Data excerpts
┌──
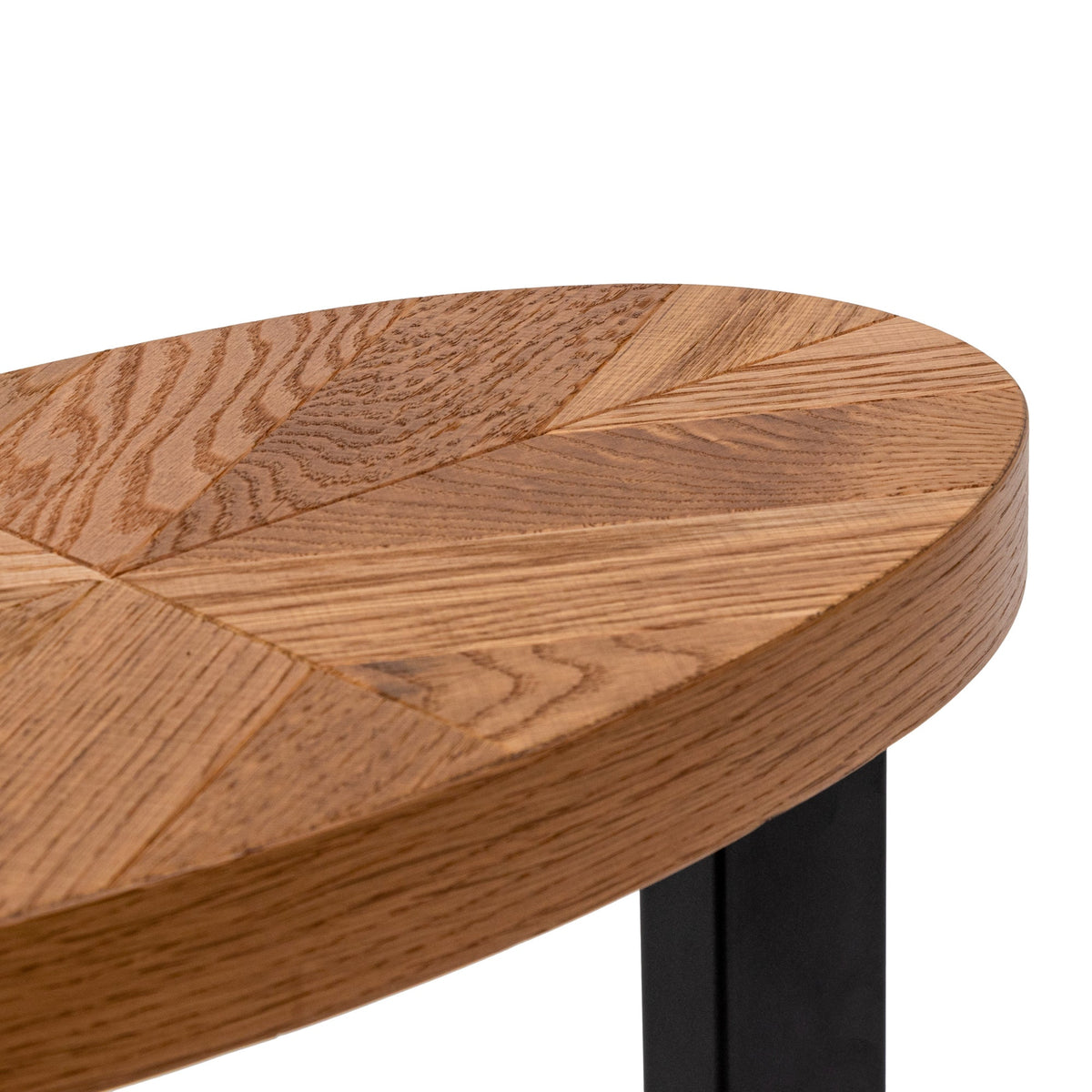 Moorham Oval Side Table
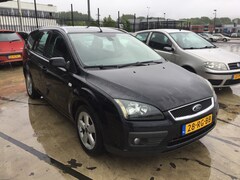 Ford Focus Wagon - 1.6-16V First Ed
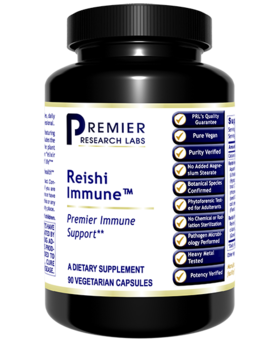 Premier Research Labs Reishi Immune (90 Vcaps)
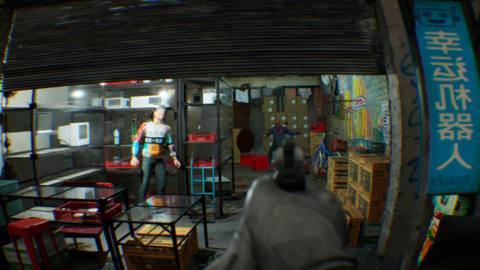 Hong Kong-set ‘bodycam FPS’ Better Than Dead gets a release date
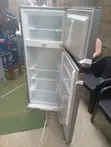 Hisense 205L Double Door Refrigerator - 2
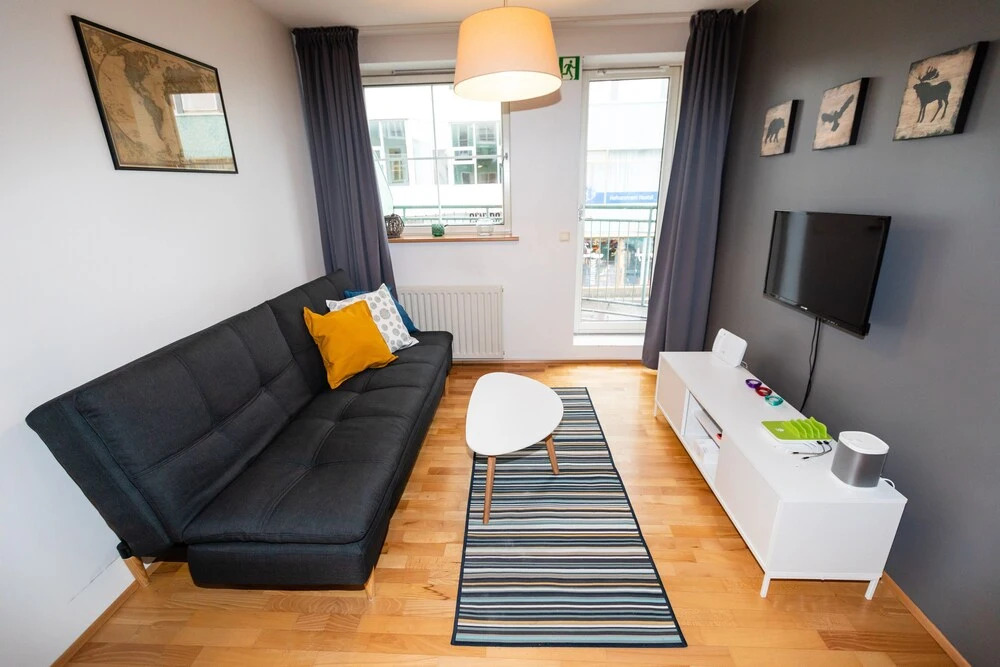Saga Apartments Akureyri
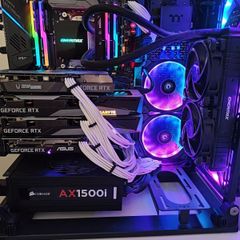Ai Powerhouse Rog Xenith Extreme 128gb dram 48gb vram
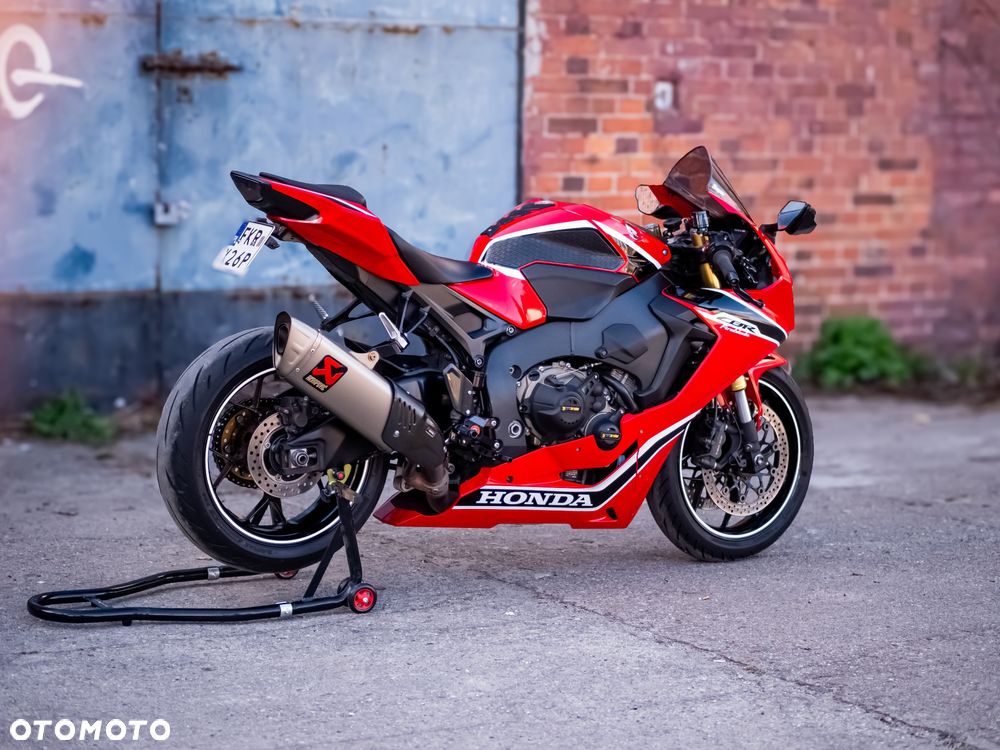Honda CBR - 4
└──
- TASK INSTRUCTIONS
Restate word for word the lines from the one holding "Ai Powerhouse Rog" down through the last line of the records above, and do not include the pictures.

- REPLY
Ai Powerhouse Rog Xenith Extreme 128gb dram 48gb vram
Honda CBR - 4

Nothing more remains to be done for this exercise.